20 KiB
20 KiB
Test Case Templates
Copy-paste templates for creating test cases based on skill type.
Table of Contents
- File Transform Skills
- Code Generation Skills
- Workflow Skills
- Tool Integration Skills
- Documentation Skills
File Transform Skills
For skills that convert, parse, or reformat files.
Example: CSV to JSON Converter
{
"skill_name": "csv-to-json",
"description": "Converts CSV files to JSON format with data type handling",
"evals": [
{
"id": 1,
"name": "common-case",
"type": "common",
"prompt": "Convert the CSV file at ./data/sales.csv to JSON and save it as ./output/sales.json. The CSV has headers: date, product, quantity, price. Make sure dates are in ISO 8601 format.",
"expected_output": "A JSON file at ./output/sales.json containing an array of objects, each representing a row from the CSV with properly formatted dates.",
"assertions": [
"JSON file exists at ./output/sales.json",
"File contains valid JSON array",
"All dates are in ISO 8601 format (YYYY-MM-DD)",
"Numeric fields (quantity, price) are numbers, not strings"
]
},
{
"id": 2,
"name": "edge-case-large-file",
"type": "edge",
"prompt": "Convert a CSV file with 50,000 rows at ./data/export.csv to JSON. The file contains some rows with missing values in the 'email' column and special characters (emojis) in the 'notes' column.",
"expected_output": "JSON file is created successfully, handling missing values as null or empty strings, and preserving special characters correctly.",
"assertions": [
"Large file is processed without memory errors",
"Missing email values are handled (null or empty string)",
"Special characters and emojis are preserved in output",
"All 50,000 rows are converted"
]
},
{
"id": 3,
"name": "varied-phrasing-casual",
"type": "variation",
"prompt": "Hey, I've got this spreadsheet data/export.csv that I need to turn into JSON. Can you do that for me? Also, the dates are in MM/DD/YYYY format right now - can you make them proper ISO format?",
"expected_output": "Same as common case: JSON file with ISO 8601 dates",
"assertions": [
"Skill triggers with casual language ('turn into', 'proper format')",
"Implicit date formatting requirement is handled",
"Output matches common case results"
]
}
]
}
Template: File Transform Skill
{
"skill_name": "YOUR_SKILL_NAME",
"description": "[Describe what file transformations this skill does]",
"evals": [
{
"id": 1,
"name": "common-case",
"type": "common",
"prompt": "[Realistic request with specific file paths and formats]",
"expected_output": "[What the transformed file should contain]",
"assertions": [
"Output file exists at expected location",
"File is valid [format: JSON, XML, etc.]",
"Data is correctly transformed",
"Specific requirements met (encoding, formatting, etc.)"
]
},
{
"id": 2,
"name": "edge-case",
"type": "edge",
"prompt": "[Large files, special characters, missing data, malformed input]",
"expected_output": "[Graceful handling or error with helpful message]",
"assertions": [
"Edge case is handled appropriately",
"No data loss or corruption",
"Error messages are helpful if transformation fails"
]
},
{
"id": 3,
"name": "varied-phrasing",
"type": "variation",
"prompt": "[Same request with casual language, different wording]",
"expected_output": "[Same as common case]",
"assertions": [
"Skill triggers with varied phrasing",
"Output matches common case",
"Implicit requirements are understood"
]
}
]
}
Code Generation Skills
For skills that generate code, scripts, or templates.

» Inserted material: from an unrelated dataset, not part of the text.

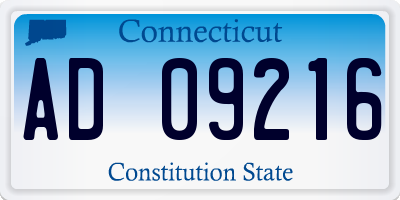 CT license plate AD09216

Example: Python Script Generator
{
"skill_name": "python-script-gen",
"description": "Generates Python scripts for file operations and data processing",
"evals": [
{
"id": 1,
"name": "common-case",
"type": "common",
"prompt": "Create a Python script that recursively finds all .log files in /var/log, compresses them with gzip if they're older than 30 days, and moves them to /archive. Handle permission errors gracefully and log all actions to cleanup.log.",
"expected_output": "A Python script that implements the log cleanup functionality with proper error handling, logging, and follows Python best practices.",
"assertions": [
"Script is syntactically valid Python",
"Implements recursive file search",
"Compresses files older than 30 days",
"Handles permission errors gracefully",
"Logs actions to cleanup.log"
]
},
{
"id": 2,
"name": "edge-case-empty-directory",
"type": "edge",
"prompt": "Create a Python script that processes all CSV files in ./data and generates a summary report. What should it do if the directory is empty or doesn't exist?",
"expected_output": "Script handles empty/non-existent directories gracefully with informative error messages and doesn't crash.",
"assertions": [
"Script checks if directory exists before processing",
"Handles empty directory case gracefully",
"Provides informative error message",
"Returns appropriate exit code"
]
},
{
"id": 3,
"name": "varied-phrasing-brief",
"type": "variation",
"prompt": "Write me a python script to backup my photos. It should copy everything from ~/Pictures to ~/Backups/photos with today's date in the folder name. Skip duplicates if possible.",
"expected_output": "Python backup script with timestamped folder and duplicate detection",
"assertions": [
"Skill works with brief, casual description",
"Generates complete script without requiring clarification",
"Handles date formatting for folder name",
"Implements duplicate detection"
]
}
]
}
Template: Code Generation Skill
{
"skill_name": "YOUR_SKILL_NAME",
"description": "[Describe what code this skill generates]",
"evals": [
{
"id": 1,
"name": "common-case",
"type": "common",
"prompt": "[Detailed request with specific requirements and constraints]",
"expected_output": "[Description of the generated code]",
"assertions": [
"Code is syntactically valid",
"Implements all requested features",
"Follows language best practices",
"Includes error handling where appropriate",
"Is well-structured and readable"
]
},
{
"id": 2,
"name": "edge-case",
"type": "edge",
"prompt": "[Ambiguous requirements, missing data, error conditions]",
"expected_output": "[Code handles edge cases or asks for clarification]",
"assertions": [
"Edge cases are handled appropriately",
"Error conditions are managed",
"Code doesn't crash on unexpected input"
]
},
{
"id": 3,
"name": "varied-phrasing",
"type": "variation",
"prompt": "[Same request with minimal details or casual language]",
"expected_output": "[Same quality as common case]",
"assertions": [
"Skill fills in reasonable defaults",
"Generates complete solution",
"Output quality matches detailed request"
]
}
]
}
Workflow Skills
For skills that guide multi-step processes.
Example: Release Workflow
{
"skill_name": "release-workflow",
"description": "Guides the complete software release process",
"evals": [
{
"id": 1,
"name": "common-case",
"type": "common",
"prompt": "I need to create a new release for my Node.js project. The repo is at ~/projects/myapp. We're currently at version 1.2.3 and this is a minor feature release (1.3.0). I need to update the version, create a changelog entry, commit, tag, and push to GitHub.",
"expected_output": "Step-by-step guide covering: version bump in package.json, CHANGELOG.md update, commit creation, annotated tag, and push commands. Should provide copy-pasteable commands.",
"assertions": [
"All release steps are covered",
"Commands are copy-pasteable",
"Version numbers are consistent",
"Validation steps are included",
"Provides rollback guidance"
]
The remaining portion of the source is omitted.